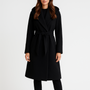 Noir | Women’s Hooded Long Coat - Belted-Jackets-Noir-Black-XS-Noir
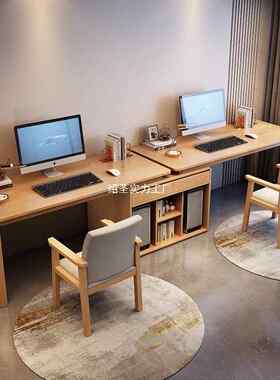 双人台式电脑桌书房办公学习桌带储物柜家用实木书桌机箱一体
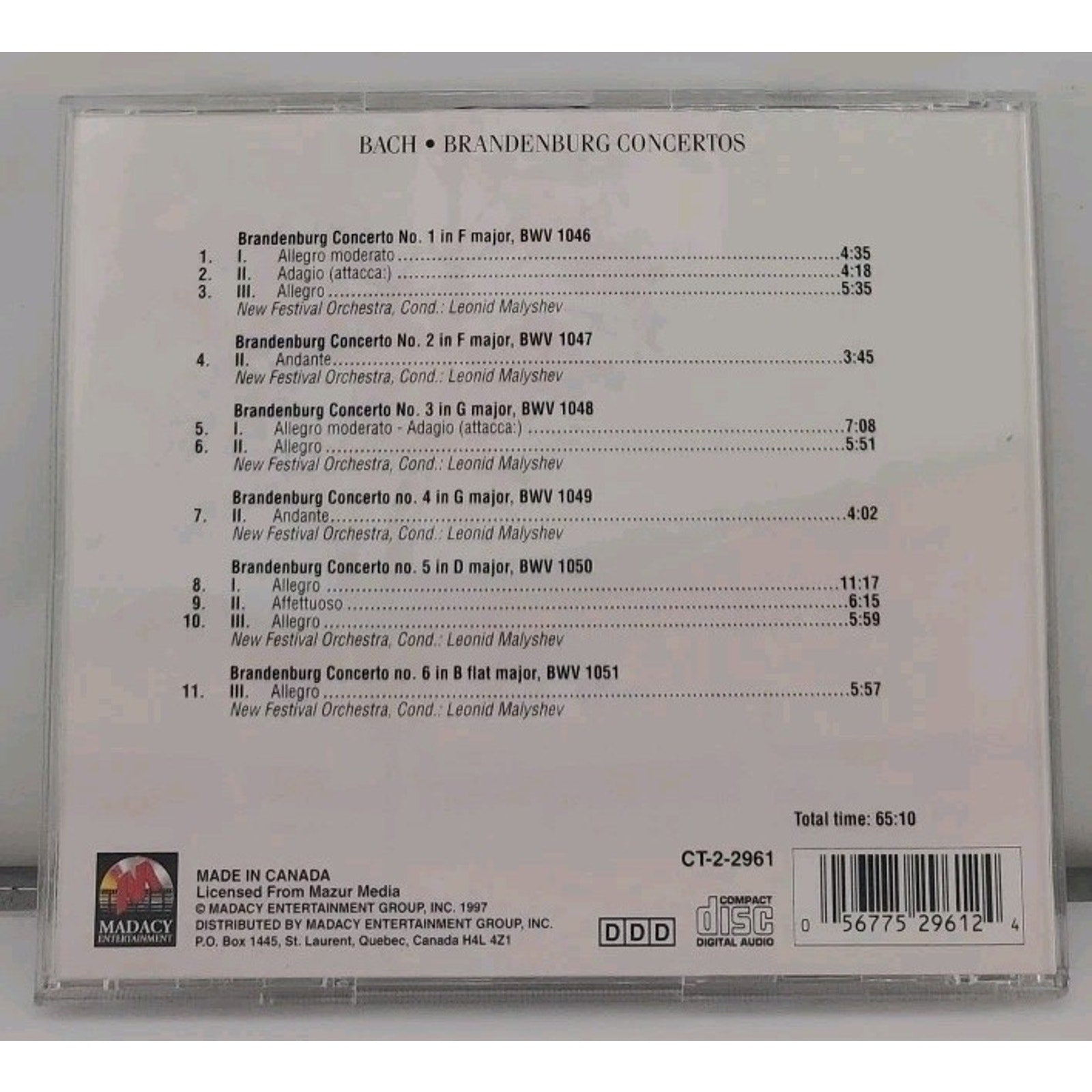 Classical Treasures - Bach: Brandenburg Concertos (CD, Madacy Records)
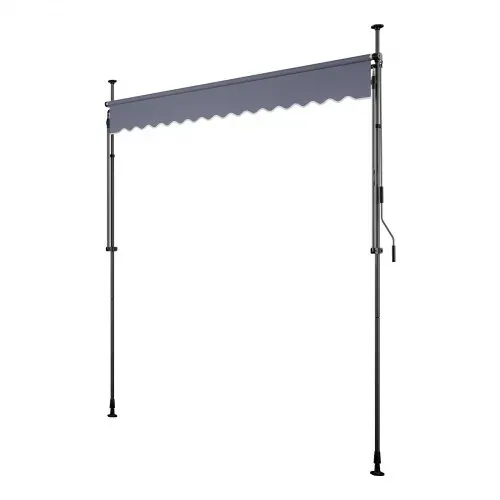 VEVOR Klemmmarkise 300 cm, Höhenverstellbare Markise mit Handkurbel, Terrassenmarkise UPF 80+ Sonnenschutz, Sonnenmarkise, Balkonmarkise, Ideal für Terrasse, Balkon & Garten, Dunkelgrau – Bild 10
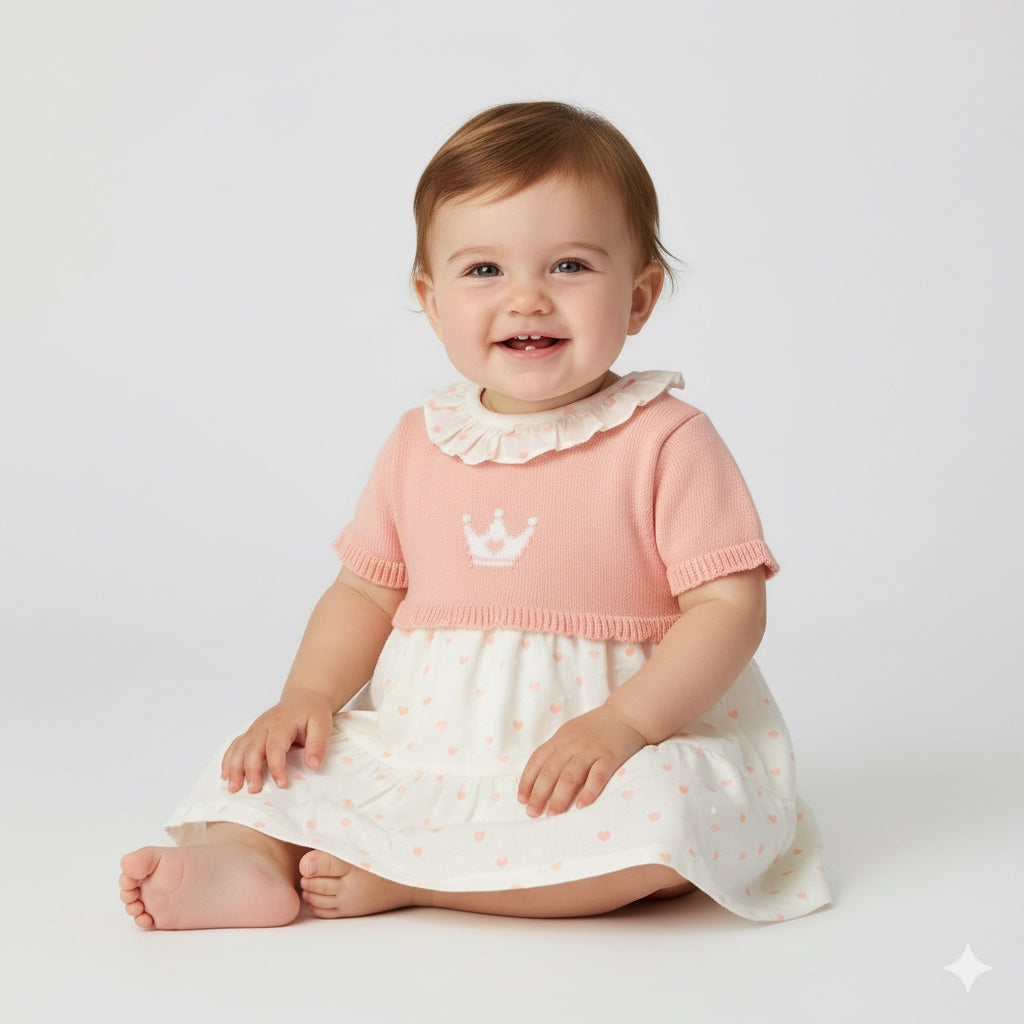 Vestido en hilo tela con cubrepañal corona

- _Your instructions_: Leave the pictures out and copy exactly the lines from the one that holds "双人台式电脑桌书房办公学习桌带储物柜家用实木书桌机箱一体" through the last line of the material.

- _Solved exercise_:
 双人台式电脑桌书房办公学习桌带储物柜家用实木书桌机箱一体
 Classical Treasures - Bach: Brandenburg Concertos (CD, Madacy Records)
 VEVOR Klemmmarkise 300 cm, Höhenverstellbare Markise mit Handkurbel, Terrassenmarkise UPF 80+ Sonnenschutz, Sonnenmarkise, Balkonmarkise, Ideal für Terrasse, Balkon & Garten, Dunkelgrau – Bild 10
 Vestido en hilo tela con cubrepañal corona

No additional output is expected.